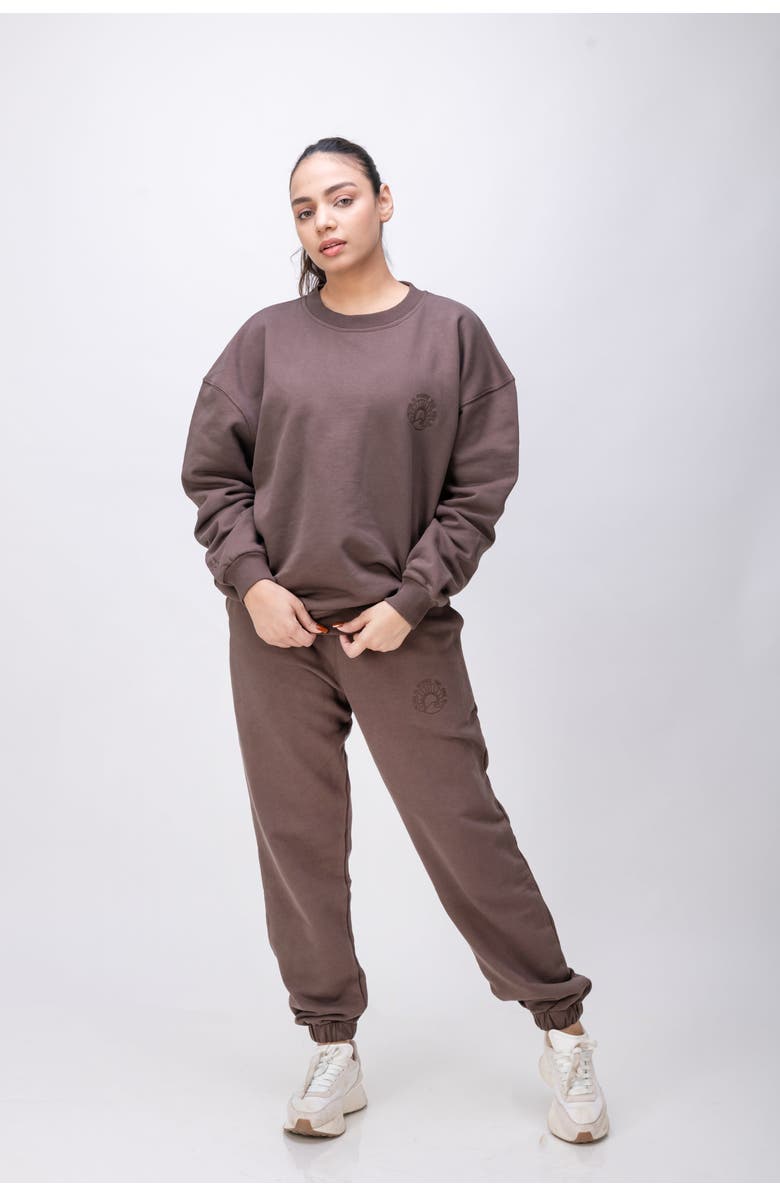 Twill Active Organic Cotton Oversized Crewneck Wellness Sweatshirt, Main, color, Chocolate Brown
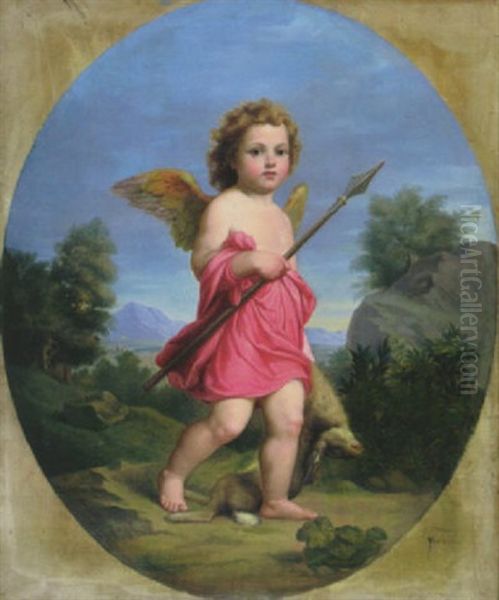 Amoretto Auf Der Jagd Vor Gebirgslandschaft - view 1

---

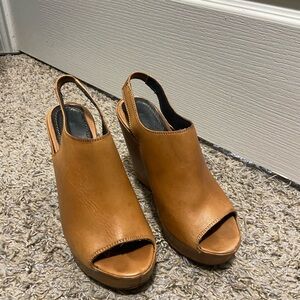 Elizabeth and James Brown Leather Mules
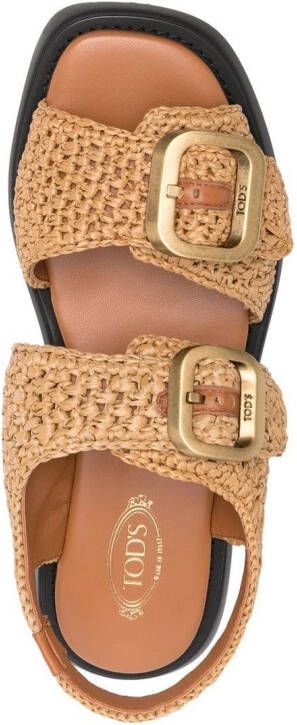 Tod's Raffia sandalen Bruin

• [What is being asked] The material above holds pictures; leave them out. Repeat exactly the lines from the one containing "Elizabeth and James Brown Leather Mules" through the one containing "Tod's Raffia sandalen Bruin", and nothing else.

• [Exercise output]
 Elizabeth and James Brown Leather Mules
 Tod's Raffia sandalen Bruin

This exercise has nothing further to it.